Remember that your essay is not a prose description of your resume or a data-based argument. Rather, it should be a narrative, with a clear arc on your formation.

To decide what that arc is, begin by thinking critically about the most formative personal, academic, and career experiences you’ve had: what have you taken from each? No doubt, some have allowed you to explore a curiosity or deepen a passion, while others may have presented an unwanted challenge, but all led inexorably to where you are today. Perhaps they feel interconnected, or perhaps each feels like a separate narrative. For your primary personal statement, you should select whichever pathway will leave your reader with the clearest impression of what you, as a result of your experiences, would bring to a campus community. 
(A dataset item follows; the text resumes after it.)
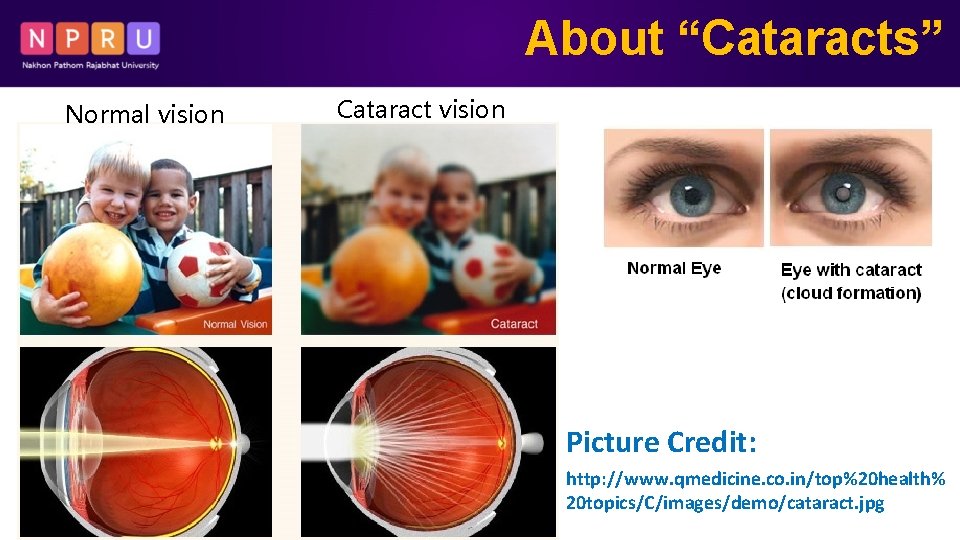 About “Cataracts” Normal vision Cataract vision Picture Credit: http: //www. qmedicine. co. in/top%20 health%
Some call this the “brand statement” or “the pitch,” but to torture my fiction metaphor, I’d call it the tagline. It doesn’t have to be some obvious, embarrassing declaration that you intend to change the world, but it should be compelling, pithy, and distinct. Remember that applicants are often admitted as a result of a single person on the committee vouching for them with the others. So picture that moment: what would the person who is “team you” say to make your case? What’s the one sentence tagline for your application? 

If you don’t have an answer, your essay isn’t yet complete.  

Embrace the Internal Logic

Once you know your tagline, be intentional about maintaining it across all components of the application. That means avoiding providing information in other essays or short answers that seems to directly contradict it. This isn’t to say you aren’t allowed to have diverse interests you, of course, contain multitudes but an overly scattered display of passions and experience can read as unfocused, making your narrative less clear. You become an unreliable narrator, unknowable, and therefore difficult to root for. 

Avoid Too Much Exposition

While some master literary stylists can get away with long stretches of expository writing, most of us need to ground our story in scenes: particular moments and events in which core truths become evident. When deciding where to show scenes versus exposition, consider the critical moments of change or transformation in your arc. Perhaps you’re telling a story about falling in love with providing clinical care; perhaps you’re telling one about gaining the confidence to speak in public; perhaps it’s about a loved one passing away. In any case, the crucial moments of action deserve more consideration and detail, signaling their import to your reader. 

Subvert the Form

Many will say that the worst mistake you can make is picking a hackneyed topic for your personal statement (see: “the mission trip essay,” circa 2010), but I tend to disagree: picking a common topic isn’t innately bad if your perspective and style are sufficiently distinct. Basically, the more typical a topic you choose, the more onus there is on you to subvert expectations through form and style. Just as a contemporary novelist can’t mimic the tropes of the Austenian “marriage plot” without it feeling a bit tired, you shouldn’t submit a version of the “realizing a passion for social justice” essay that could’ve been written by ChatGPT. 

Of course, breaking the mould is, by definition, tricky. But I often find that students benefit from first writing their stories in the most straightforward, chronological form, then playing around with different modes of formal experimentation. For instance, experiment with timing: try opening in medias res or using a single moment to bookend the essay. Also, look for opportunities to bring in more of your voice, whether that’s humorous or resonant. 

Your reader can learn as much about you from how you tell your story as its content.